* Description of the task
Please return the full listing word for word, leaving out any pictures.

BEGIN Data

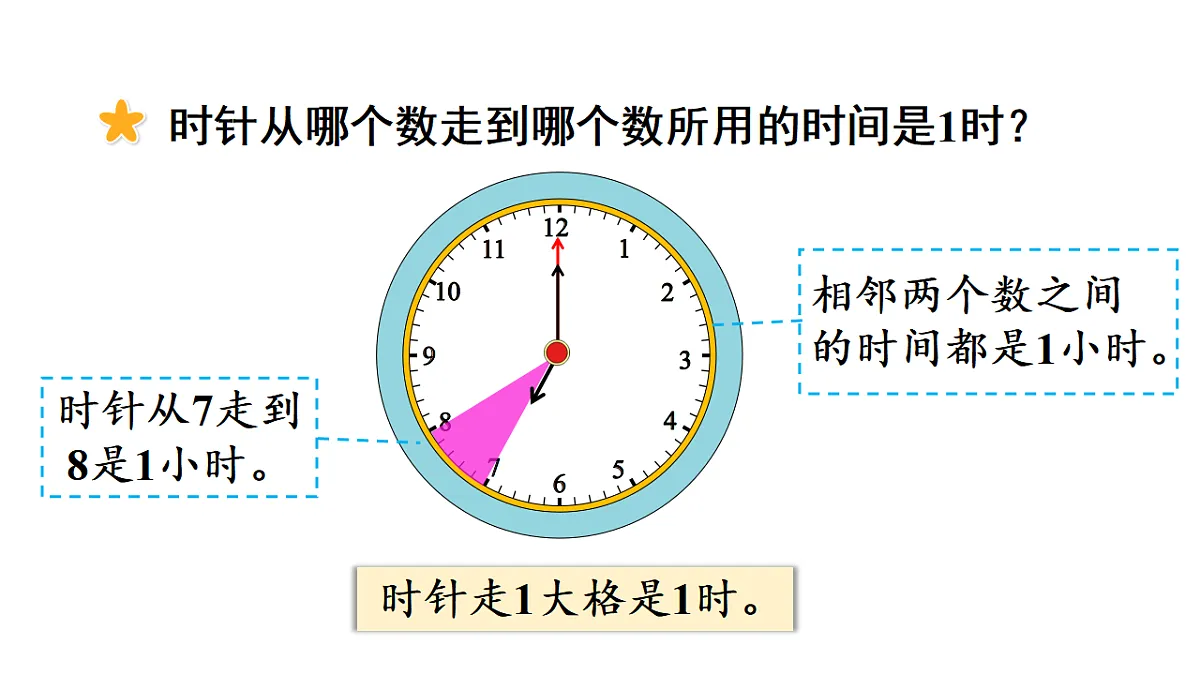 17736669第6页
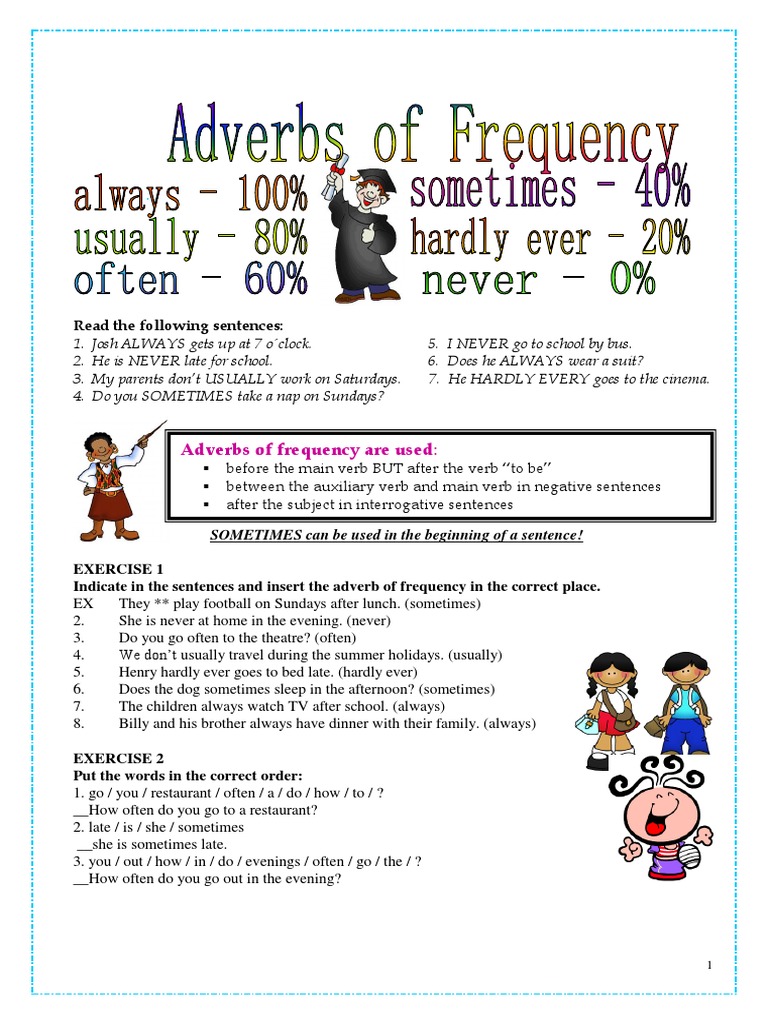 Adverbs of Frequency Exercises | PDF | Verb | Adverb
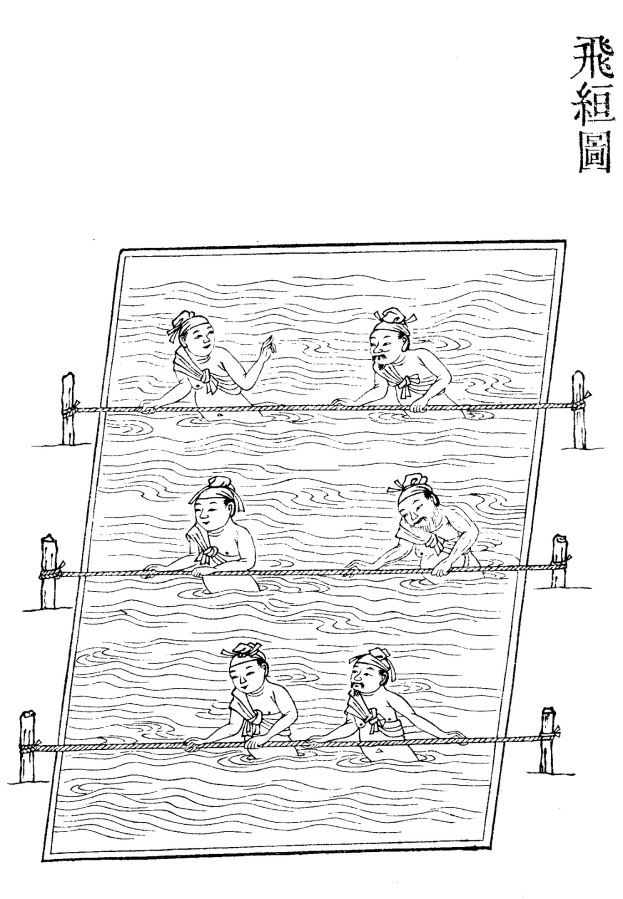 Schwarz-weiß-Zeichnung von Menschen in einem Schwimmbad mit Seilen drumherum, betitelt "Schwimmbad-Patent" rechts.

END Data

* Exercise output
 17736669第6页
 Adverbs of Frequency Exercises | PDF | Verb | Adverb
 Schwarz-weiß-Zeichnung von Menschen in einem Schwimmbad mit Seilen drumherum, betitelt "Schwimmbad-Patent" rechts.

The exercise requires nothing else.